Generative Adversarial Networks (GANs) started with vanilla GANs—uncontrolled models that generate data by competing generator and discriminator networks, but without specific output control. To enable targeted generation, conditional GANs (cGANs) were developed, which use extra information like class labels to guide both the generator and discriminator. This allows cGANs to produce data with desired attributes, supporting advanced applications such as image-to-image translation and controlled synthesis

1. Vanilla Generative Adversarial Network

GANs (Generative Adversarial Networks) are implicit generative models: rather than explicitly computing or modeling likelihood functions, they aim to learn how to sample from the underlying data distribution. The objective is for the generator to produce samples that closely resemble the true data distribution, without ever directly estimating the probability density or likelihood.

GAN architecture diagram
Figure: Architecture of a Vanilla GAN. The generator learns to map noise to data samples, while the discriminator distinguishes real from generated samples. (Image Source: Internet)

A normally distributed random variable \( z \sim \mathcal{N}(0, I) \) is passed through the generator network to produce fake images with a similar distribution to the real dataset. To train the generator, GANs use a zero-sum loss function, encouraging the generator to produce images that the discriminator classifies as real.

Train the generator \( G \) such that the discriminator \( D \) misclassifies the generated sample \( \hat{x} \) into class 1 (real data and 0 for fake gernated sample), making it indistinguishable from real data \( x \sim p_{\text{data}} \).

Discriminator Objective \( O_1 \)

Train discriminator \( D \) to maximize the log probability of correctly classifying real samples:

\[ O_1 = \max_D \, \mathbb{E}_{x \sim p_{\text{data}}}[\log D(x)] \]
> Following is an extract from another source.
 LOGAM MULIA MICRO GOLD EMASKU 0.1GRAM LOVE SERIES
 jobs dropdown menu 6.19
Generator Objective \( O_2 \)

Train generator \( G \) to minimize the probability that the discriminator correctly classifies generated samples as fake:

\[ O_2 = \min_G \, \mathbb{E}_{z \sim p_z}[\log(1 - D(G(z)))] \]

Training Strategy

If a pretrained discriminator is used initially, it might confidently classify all generated images as fake, resulting in \( \log(1 - D(G(z))) = \log(1 - 0) = 0 \), which leads to zero gradient for training the generator.

GAN training strategy diagram
Figure: Training strategy of a GAN — the generator tries to fool the discriminator, which learns to distinguish real from generated samples. (Image Source: NPTEL Course)
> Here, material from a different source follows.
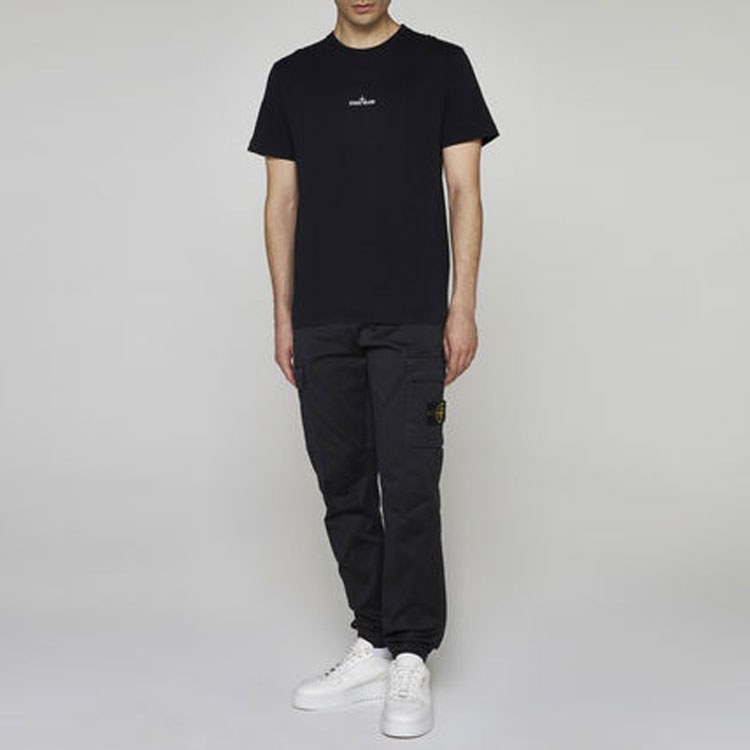 Stone Island Graphic Print T-Shirt Black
Therefore, it is essential to train both the generator and the discriminator alternately using different mini-batches. This avoids collapse and ensures both models improve progressively.

The minimax objective of a Generative Adversarial Network is:

\[ \min_G \max_D \left( \mathbb{E}_{x \sim p_{\text{data}}}[\log D(x)] + \mathbb{E}_{z \sim p_z}[\log(1 - D(G(z)))] \right) \]
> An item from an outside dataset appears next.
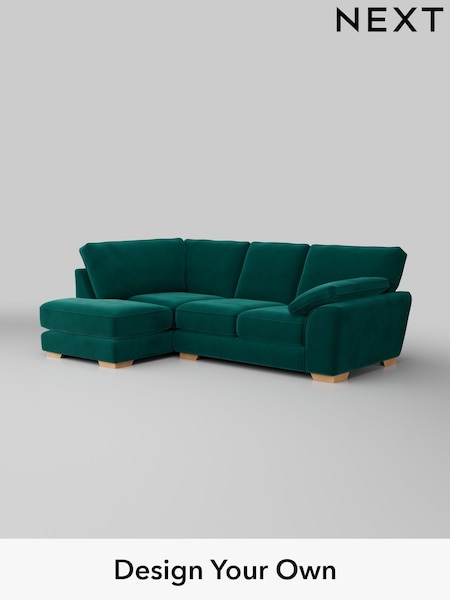 Plush Velvet Easy Clean/Juniper Green Stamford Grand Relaxed Sit (W44850) | £2,375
Expanding the expectations using the change of variables:

\[ \min_G \max_D \int_x p_{\text{data}}(x) \log D(x) + p_G(x) \log(1 - D(x)) \, dx \]

Now take the max inside the integral:

\[ \min_G \int_x \max_D \left( p_{\text{data}}(x) \log D(x) + p_G(x) \log(1 - D(x)) \right) dx \]

Let \( y = D(x), \quad a = p_{\text{data}}(x), \quad b = p_G(x) \). Define:

\[ f(y) = a \log y + b \log(1 - y) \]

To maximize \( f(y) \), take the derivative and set it to zero:

\[ f'(y) = \frac{a}{y} - \frac{b}{1 - y} = 0 \quad \Rightarrow \quad y = \frac{a}{a + b} \]

Optimal Discriminator \( D^*_G(x) \)

Substituting back:

\[ D^*_G(x) = \frac{p_{\text{data}}(x)}{p_{\text{data}}(x) + p_G(x)} \]

Now substitute this optimal discriminator into the original objective:

\[ \min_G \int_x \left( p_{\text{data}}(x) \log \frac{p_{\text{data}}(x)}{p_{\text{data}}(x) + p_G(x)} + p_G(x) \log \frac{p_G(x)}{p_{\text{data}}(x) + p_G(x)} \right) dx \]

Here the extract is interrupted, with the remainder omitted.